Billy Crudup in the play “Harry Clarke” at the Vineyard Theater in October.Credit...Sara Krulwich/The New York Times

Harry Clarke has made another conquest. David Cale’s “Harry Clarke,” a one-man show about a Midwestern boy who masquerades as a seductive Englishman, will return Off Broadway on March 7, at the Minetta Lane Theater, again starring Billy Crudup in what Jesse Green in The New York Times called “a sly role terrifically suited to his gifts.”

This time, the show has an unusual sponsor: Audible Inc.

Audible, the leading provider of audiobooks, is going visual, for 10 weeks anyway. Producing a limited run of “Harry Clarke” is the latest step in Audible’s recent investment in contemporary theater.

It follows the company’s announcement that it will transform both “Harry Clarke” and John Leguizamo’s “Latin History for Morons,” which closes on Broadway on Feb. 25, into downloadable products. Audible has also commissioned 15 early career playwrights to create new audio dramas.

Donald Katz, Audible’s founder and chief executive, is a four-times-a-week theatergoer who was wowed by “Harry Clarke” at the Vineyard Theater, where it started previews in October and closed Dec. 17. “I couldn’t be more proud to be associated with a play that smart and that intense,” he said in a phone interview. “There’s stuff going on in that play that is just electrifying.”

Audible’s sponsorship gives audiences who missed the play in its Vineyard run a chance to see it. But it’s also a high-profile way for Audible to announce its commitment to live theater and the artists who make it. “It’s a way of getting into the world and associating ourselves with some of the best creative output,” he said.

“It’s a new venture,” he added. “We’re just going to see it become bigger and bigger.”

The company has always included plays among its offerings. “Look how many ‘Hamlets’ we have!” said Mr. Katz. (Eighteen, plus scattered scenes.) But these recent initiatives hope to both attract new ears to audio drama and to challenge playwrights and actors to explore what the downloadable form can be.

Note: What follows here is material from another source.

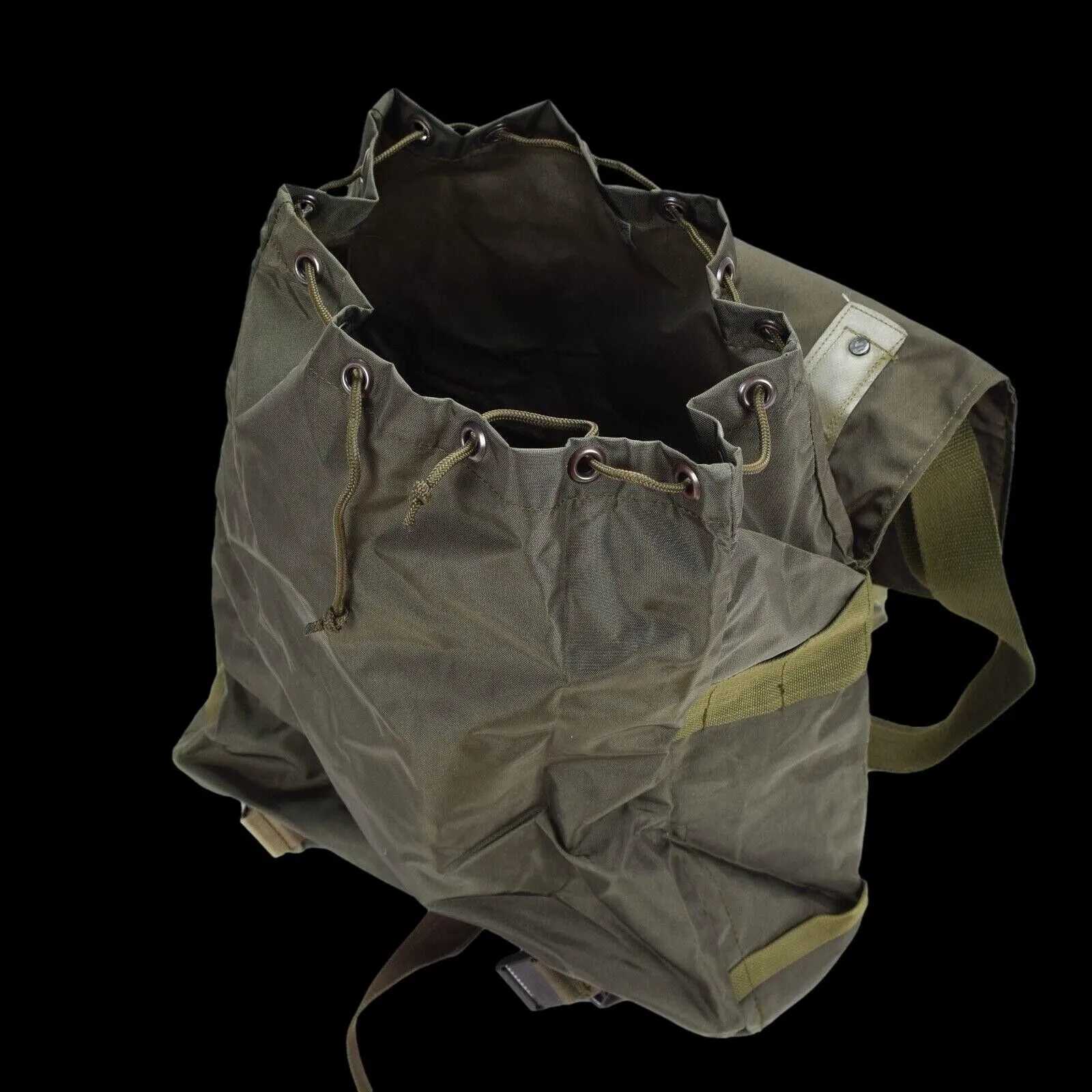 AUSTRIAN MILITARY SHOULDER BAG WITH ADJUSTABLE STRAP SATCHEL BAG GENUINE SURPLUS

Audible declined to comment on how much money it has invested in “Harry Clarke.” But last year it established a $5 million fund to commission one-voice and two-voice plays by emerging playwrights, and on Monday it announced its first class of commissioned artists, including the playwright Leah Nanako Winkler.

These writers will create downloadable plays, making use of “this private performance, this intimacy,” Mr. Katz said, but the performances won’t always stay private. “Some of them we will stage,” he promised.